Short text fragments from websites:
═══
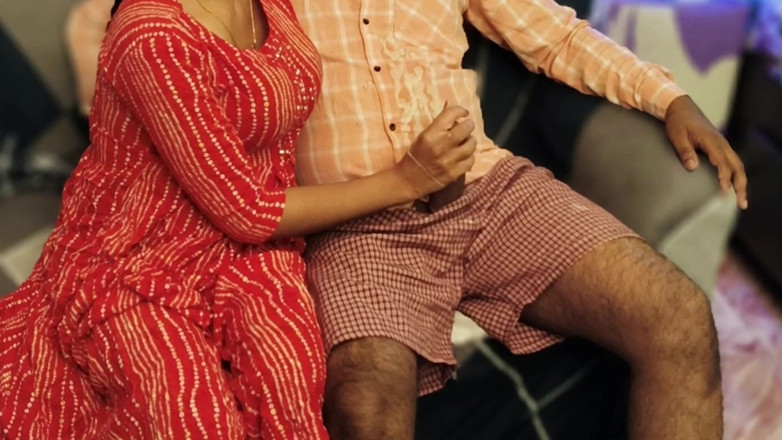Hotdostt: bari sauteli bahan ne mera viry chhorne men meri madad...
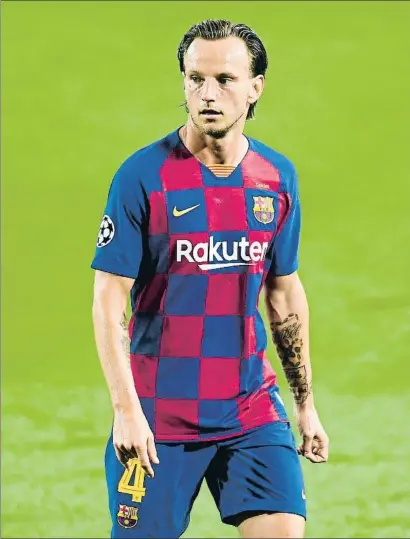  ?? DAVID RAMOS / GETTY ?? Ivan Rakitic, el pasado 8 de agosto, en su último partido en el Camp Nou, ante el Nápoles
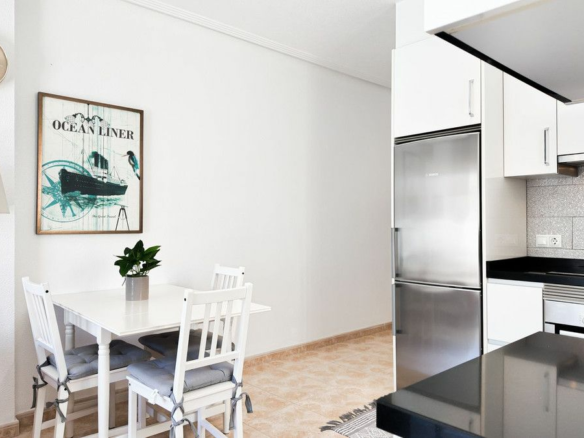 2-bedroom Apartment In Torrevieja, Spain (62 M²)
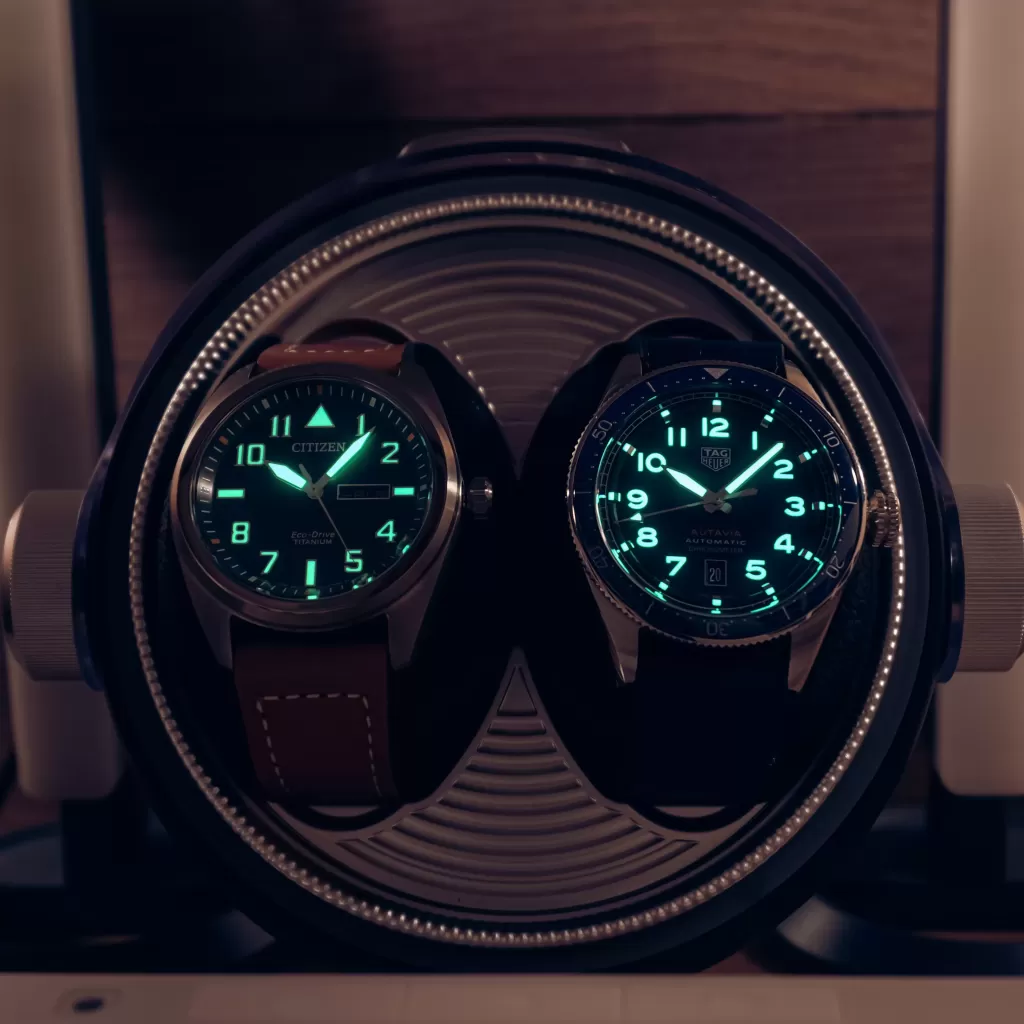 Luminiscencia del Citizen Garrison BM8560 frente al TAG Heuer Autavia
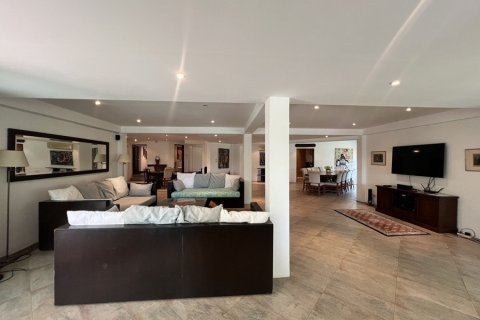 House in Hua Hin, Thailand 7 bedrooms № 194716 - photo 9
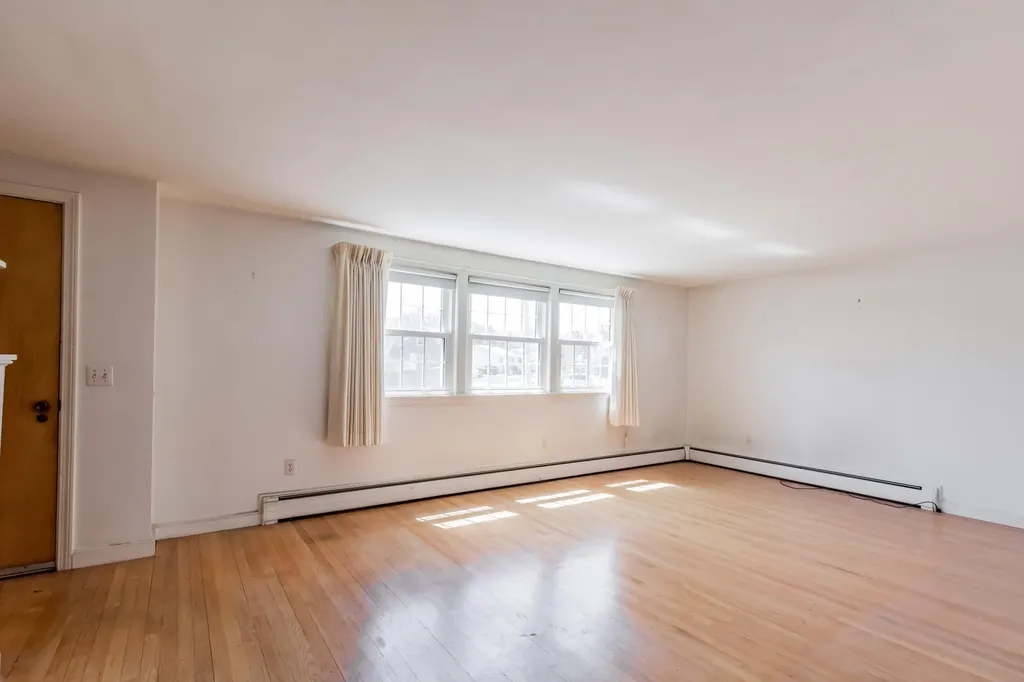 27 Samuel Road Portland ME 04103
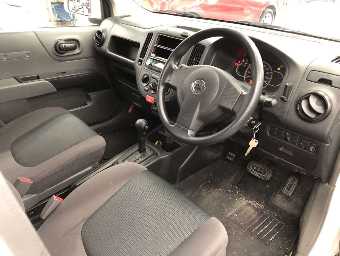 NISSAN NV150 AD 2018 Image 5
═══
PROMPT: What you give back should match the entries above exactly, except that pictures are dropped.

ANSWER FOR THE TASK:
Hotdostt: bari sauteli bahan ne mera viry chhorne men meri madad...
  ?? DAVID RAMOS / GETTY ?? Ivan Rakitic, el pasado 8 de agosto, en su último partido en el Camp Nou, ante el Nápoles
 2-bedroom Apartment In Torrevieja, Spain (62 M²)
 Luminiscencia del Citizen Garrison BM8560 frente al TAG Heuer Autavia
 House in Hua Hin, Thailand 7 bedrooms № 194716 - photo 9
 27 Samuel Road Portland ME 04103
 NISSAN NV150 AD 2018 Image 5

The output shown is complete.